Mark is a member of the western region GRDC Grower Network, and he is also a member of the Soils Constraints – West initiative since it began in 2015, so has been able to tap readily into the latest research in this space.
“We have tried a number of different approaches to ameliorating our soils including reefinating – crushing rocks, cultivating with Swifter discs – to deal with non-wetting soils – and ripping. But none of these have been effective so we are really keen to find a solution,” he says.
“We have a fair proportion of duplex soils, which should be our more productive soils but aren’t because they are prone to waterlogging as well as being acidic in the top 20 centimetres and sodic at depth.”
So as part of a broader $42 million collaborative venture between the Western Australian Department of Primary Industries and Regional Development and GRDC, Dr Gaus Azam’s team is re-engineering the soil profile of a trial area of the Pearces’ property to determine what can be achieved for plant production in this water-limited environment.
The profile has been excavated to 80 centimetres at 10cm increments and the layers separated. Up to 10 different treatments have been tested, with increasing levels of ameliorating power to the various layers, and then they have been replaced.
If we can get crop roots deeper into the profile where we know there is moisture available, as well as potash, it may also potentially reduce our fertiliser use.
Mark has sown the barley variety Spartacus CL (PBR) across the trial plots using his own equipment on tramlines to avoid compacting the plots. Four further years of crop production will be monitored on the site.

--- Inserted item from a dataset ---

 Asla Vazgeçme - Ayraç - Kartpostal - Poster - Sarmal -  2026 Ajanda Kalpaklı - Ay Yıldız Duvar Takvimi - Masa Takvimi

“We have had a very good season this year with up to 450 millimetres of rain, so as the surrounding barley became waterlogged, we have seen the treated trial plots flourish,” he says.
“We will be keeping livestock off this trial site to avoid compaction issues, but it will be interesting to monitor whether the soil remains friable or if it begins to settle and compact over the trial period.”
If significant crop productivity benefits can be demonstrated from this radical re-engineering, Mark says he is hopeful that the necessary machinery innovation will follow.